The impact is particularly visible in the automotive sector, where Canada’s integrated supply chain with US manufacturers has historically generated roughly $80 billion annually in cross-border auto and parts trade. Since the tariff uncertainty escalated, Canadian auto parts manufacturers have reported that US customers are asking for tariff contingency plans including potential supplier diversification to domestic US or Mexican sources. The actual diversion of supply chains is a longer-term risk requiring multi-year capital investment decisions, but the planning process is underway and the psychological effect on Canadian manufacturers is real.
Provincial Exposure: Who Is Most at Risk?
Canada’s exposure to US tariff risk is highly uneven at the provincial level. Ontario, with its large manufacturing base and deep automotive supply chain integration with US states (particularly Michigan, Ohio, and Indiana), is the most exposed province.
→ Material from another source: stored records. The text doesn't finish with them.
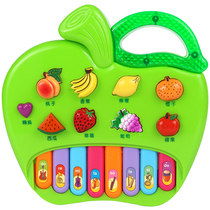Fruit Apple Music Piano baby early education childrens toys electronic organ infant girl puzzle music piano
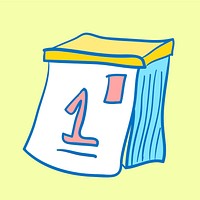 Illustration of calendar vector icon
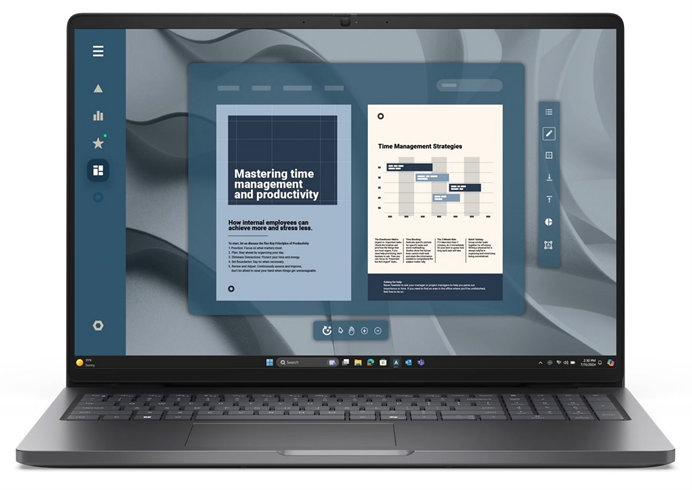 Dell Pro 16 PC16255/ Ryzen 5 230/ 16GB/ 1TB SSD/ 16" FHD+/ IR Cam/ Fpr/ 3 Cell/ 65W/ WLAN/ Bcklit Kb/ W11Pro/ 3Y PS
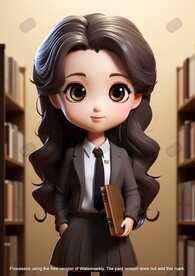 卡通女孩
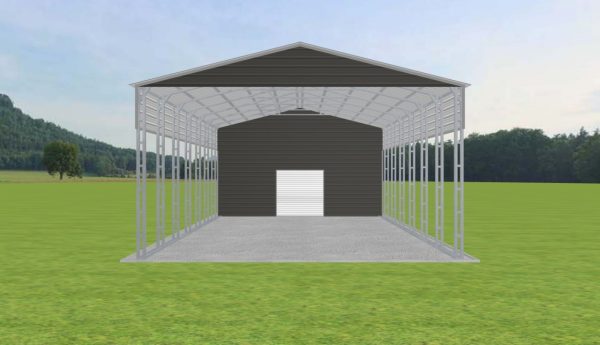 Carport with Storage 28 x 50 x 15 - Image 2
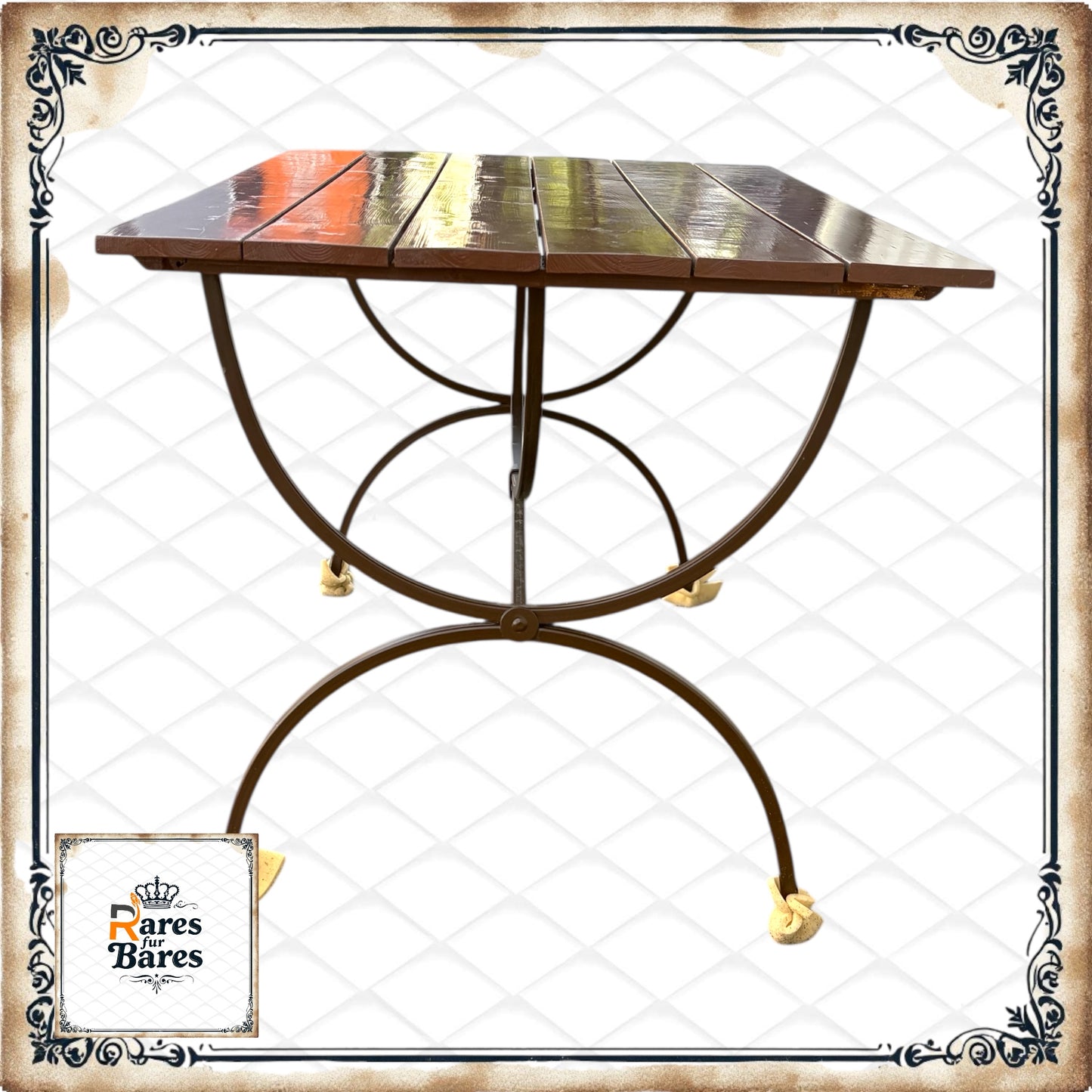 Gartentisch "Mediterran", Eisen, 142x85x80cm - RETOUREN ROYAL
Ontario’s goods exports to the US represent approximately 74% of its total goods trade, and approximately 40% of those exports are in tariff-sensitive manufacturing categories. A sustained tariff shock would hit Ontario’s manufacturing employment and GDP disproportionately.
Alberta, while highly dependent on the US market for energy exports, has more pricing power US refiners are structurally dependent on Canadian heavy crude and do not have readily available domestic substitutes. British Columbia’s forest products and agricultural exports face tariff risk but have demonstrated some ability to redirect to Asian markets via Pacific ports. Quebec’s aerospace sector (Bombardier, Pratt & Whitney Canada) has significant US customer exposure but also strong European and global diversification.
| Export Category | May 2026 Value ($B) | MoM Change | YoY Change | US Share |
|---|---|---|---|---|
| Energy products | $14.2B | -6.8% | +4.1% | 88% |
| Motor vehicles/parts | $6.8B | -3.4% | -6.2% | 92% |
| Machinery/equipment | $4.1B | -1.9% | -2.8% | 74% |
| Agricultural/food | $3.8B | +1.2% | +3.4% | 58% |
| Metal ores | $3.2B | +0.8% | +8.2% | 47% |
| Forest products | $2.9B | -2.1% | -1.8% | 62% |
| Total goods exports | $68.4B | -3.2% | +1.4% | 77% |
The Bottom Line
Canada’s narrowing trade surplus is a mixed signal part temporary (energy volumes will recover) and part structural (tariff uncertainty is genuinely dampening manufacturing orders). The energy trade story remains healthy on a volume basis and the May dip reflects seasonal refinery patterns rather than a fundamental demand shift. The manufacturing concern is more serious and deserves close monitoring through Q3. The Canadian government’s proactive diversification strategy expanding trade relationships with Europe, Asia-Pacific, and other markets through CETA and CPTPP is the appropriate long-term response, though it takes years to meaningfully shift trade flows. In the near term, reducing tariff uncertainty through US-Canada dialogue is the most impactful available lever.